First of all, I must apologize for all of the innuendo and double entendre in yesterday’s hard 9 article. I couldn’t help it; it was just too easy. And if you didn’t notice it, then forget that I said anything. There was nothing wrong with that totally wholesome article.
The proper moves with hard hands, just like with soft hands, requires a knowledge of statistics and a calculation of the odds of each card you could receive as well as the odds for what card the dealer has in the hole and what cards he will receive when hitting, if necessary. If you are unable to calculate those odds, you don’t have to worry, because each move that has the best odds has been incorporated into blackjack basic strategy. Here is what to do when you have a hard 10.
If the dealer shows an upcard between 2 and 9 (inclusive), then you should double down. If the dealer shows anything else, you should hit. You should never stand on a hard 10.
First of all, the reason you never stand is that there is no possibility of busting with this hand. The highest value card you can draw is a 10 and that would only put you at 20. Basic strategy also recognizes your good odds of drawing a 10-value card. If you get one, then the only hand that can beat you is if the dealer draws 21.

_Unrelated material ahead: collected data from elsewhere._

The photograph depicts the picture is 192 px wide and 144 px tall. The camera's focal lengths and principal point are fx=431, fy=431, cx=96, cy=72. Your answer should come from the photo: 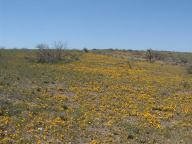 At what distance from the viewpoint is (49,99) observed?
23766 mm

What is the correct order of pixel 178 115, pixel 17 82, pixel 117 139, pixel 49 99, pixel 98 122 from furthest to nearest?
pixel 17 82, pixel 49 99, pixel 178 115, pixel 98 122, pixel 117 139

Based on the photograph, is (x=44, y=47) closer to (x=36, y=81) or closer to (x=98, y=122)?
(x=36, y=81)

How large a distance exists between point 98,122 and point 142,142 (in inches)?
135

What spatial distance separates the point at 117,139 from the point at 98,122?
2.87 meters

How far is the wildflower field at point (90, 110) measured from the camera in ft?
53.7

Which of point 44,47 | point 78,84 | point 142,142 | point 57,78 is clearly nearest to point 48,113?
point 142,142

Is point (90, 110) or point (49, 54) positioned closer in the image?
point (90, 110)

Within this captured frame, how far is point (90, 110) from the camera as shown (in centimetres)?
2172

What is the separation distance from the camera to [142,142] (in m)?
16.0

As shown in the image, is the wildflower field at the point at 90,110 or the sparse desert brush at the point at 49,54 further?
the sparse desert brush at the point at 49,54

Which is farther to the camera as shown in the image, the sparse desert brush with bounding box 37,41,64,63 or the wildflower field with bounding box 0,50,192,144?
the sparse desert brush with bounding box 37,41,64,63

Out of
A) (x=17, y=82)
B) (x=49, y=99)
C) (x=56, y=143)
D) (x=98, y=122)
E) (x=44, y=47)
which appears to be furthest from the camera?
(x=44, y=47)

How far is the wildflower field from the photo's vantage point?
16.4 meters

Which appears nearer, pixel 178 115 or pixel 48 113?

If the dealer shows an ace or a 10, then he has a good chance of having either a 20 or 21, in which case you would either lose or push. That is why you do not double in that instance. If the dealer shows anything else, however (2-9), you should double because there is a good chance that the dealer will either bust or draw a number smaller than your hand. Again, this is because of the high likelihood of the dealer’s hole card or any card they draw having a value of 10.